Por Juan Cruz / El País (Madrid)

Ingmar Bergman te recibía en el Dramaten; era su casa, su teatro; en ningún otro lugar del mundo, ni en su isla secreta, se encontraba mejor. Rodeado de los fantasmas que alimentó, sabía que en la isla, o en Estocolmo le acechaba el niño que no dejó de ser nunca; y así te miraba, como si fuera un niño que hubiera traspasado, por fin, las puertas de su propio pudor. Pues de eso fue su cine, decía, de lo que la niñez deja en los ojos. En un momento determinado, además, se interesaba por los ojos del otro: "¿Y usted, y esos ojos?". El decía que sus ojos estaban llenos de las lágrimas que no pudo decir; su cine, decía también, era como el escupitajo que nunca despidió en la escuela o en su casa. Cuando le vimos, en el Dramaten, una fría, gélida mañana de diciembre de 1989, estaba decidido a empezar otra vez, se acabó el silencio.
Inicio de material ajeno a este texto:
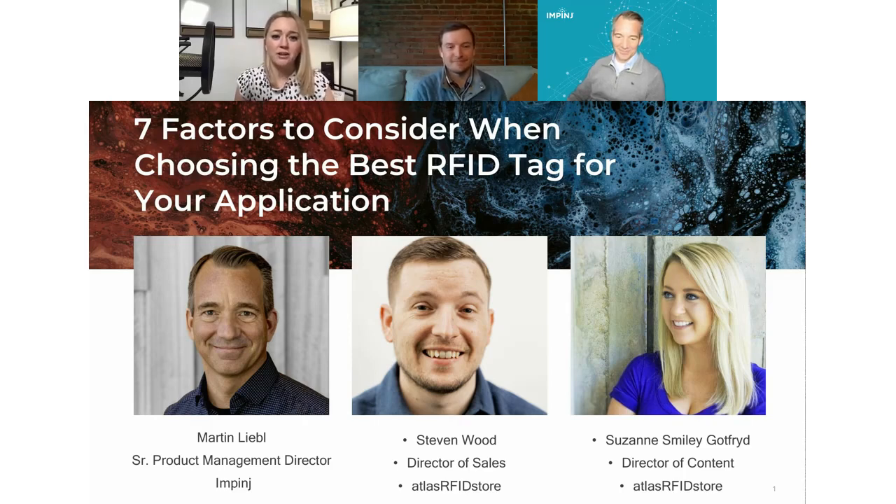Before we jump into our topic today and our lively roundtable discussion, remember there's a live Q&A afterwards. Whenever you have a question, just go ahead and type it in the chat feature of this platform so it'll be ready for the live Q&A. Now that we have the introductions out of the way, let's jump straight into these seven factors. The following seven attributes should be considered when selecting a passive RFID tag.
No daba entrevistas nunca, y la que nos dio fue por culpa de nuestra insistencia y sobre todo de la de Gabi Gleischman, periodista húngaro, muy amigo suyo. Bergman accedió a regañadientes, pero nos esperó atado, casi, a la habitación espartana en la que sólo había un florero con plátanos. Cuando le dimos la mano, él bajó la suya, enorme, larguísima, que entonces tenía pendida del quicio de la puerta; hizo un movimiento de reconocimiento, como si le pesara hasta el aire. Le entramos por la infancia, que es el tiempo total de su vida, pero antes le estuvimos escrutando, como se escruta a los animales maravillosos, mientras Luis Magán le hacía fotografías. Era poderoso y grande, e iba vestido como un leñador austriaco. Nos habló del teatro, y del teatro español; estaba fascinado por una producción (inolvidable) de Lluis Pasqual, la que hizo éste con los textos de "El público", de Federico García Lorca. El quiso llevar al Dramaten esa producción, pero ocurrió algo y no pudo ser. Le hablamos del cine (conocía a Berlanga, a Saura, aunque no tenía demasiada información), y se fue haciendo con la conversación y el escenario; nos colocó en el sitio justo ("usted tiene que estar a favor de la luz, es que usted es quien pregunta"), y terminó copiando los movimientos de Magán hasta que él mismo tomó la cámara en la mano para decirnos cuánto estaba disfrutando de aquella conversación inesperada.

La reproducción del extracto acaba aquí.